- ASSIGNED TASK
Transcribe exactly everything in the data below from the line containing "2 Bedroom Flat" down to the line containing "Citroen C4 Cactus BlueHDi 100 Just Black", both lines included and nothing further.

- DATASET RECORDS
· · · · ·

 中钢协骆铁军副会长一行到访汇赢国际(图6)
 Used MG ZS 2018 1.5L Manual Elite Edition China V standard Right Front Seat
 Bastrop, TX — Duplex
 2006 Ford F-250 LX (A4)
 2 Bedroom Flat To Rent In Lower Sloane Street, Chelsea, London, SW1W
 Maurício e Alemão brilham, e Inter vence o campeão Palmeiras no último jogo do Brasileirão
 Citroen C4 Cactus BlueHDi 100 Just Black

· · · · ·

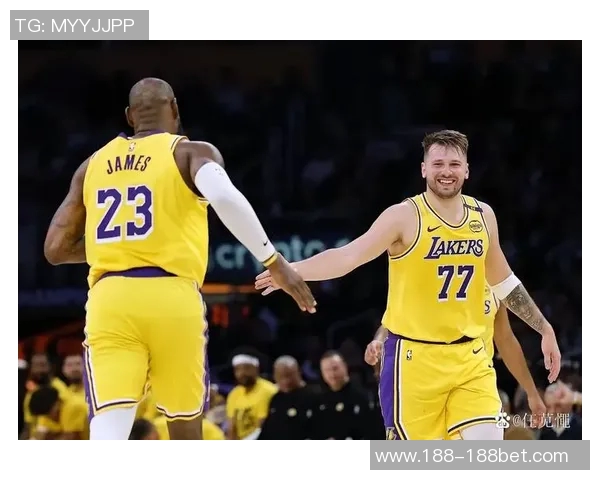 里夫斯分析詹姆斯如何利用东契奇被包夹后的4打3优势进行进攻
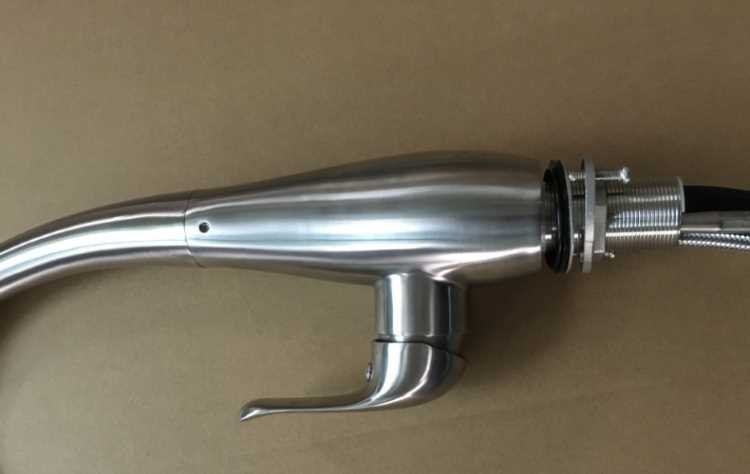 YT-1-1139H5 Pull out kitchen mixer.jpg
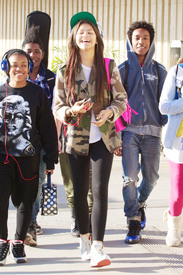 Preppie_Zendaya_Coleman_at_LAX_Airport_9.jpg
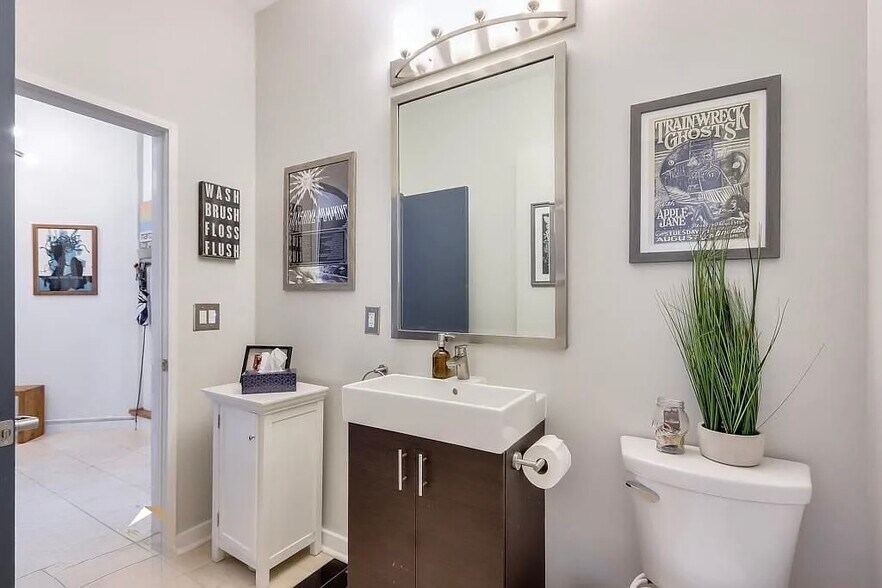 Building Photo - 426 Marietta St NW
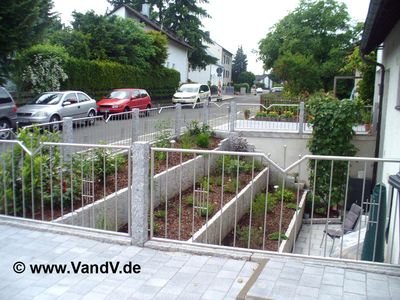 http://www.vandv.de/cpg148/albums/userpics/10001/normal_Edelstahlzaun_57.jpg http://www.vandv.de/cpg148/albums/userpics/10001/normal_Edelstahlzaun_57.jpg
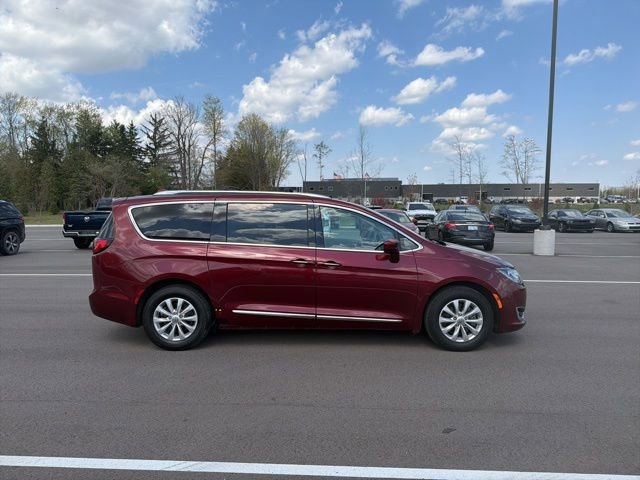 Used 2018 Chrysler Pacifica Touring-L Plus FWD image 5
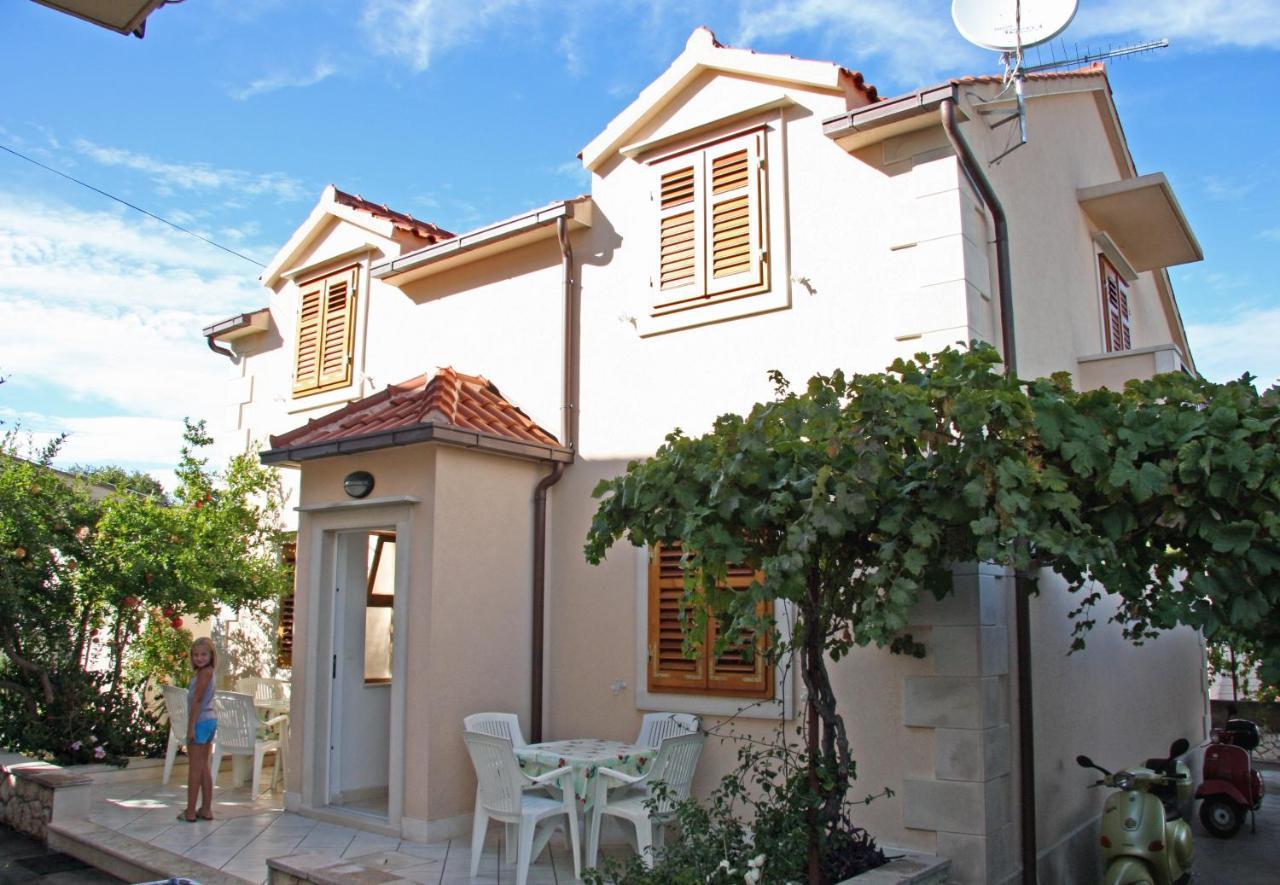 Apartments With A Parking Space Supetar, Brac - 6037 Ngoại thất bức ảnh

· · · · ·

- FINISHED TASK
 2 Bedroom Flat To Rent In Lower Sloane Street, Chelsea, London, SW1W
 Maurício e Alemão brilham, e Inter vence o campeão Palmeiras no último jogo do Brasileirão
 Citroen C4 Cactus BlueHDi 100 Just Black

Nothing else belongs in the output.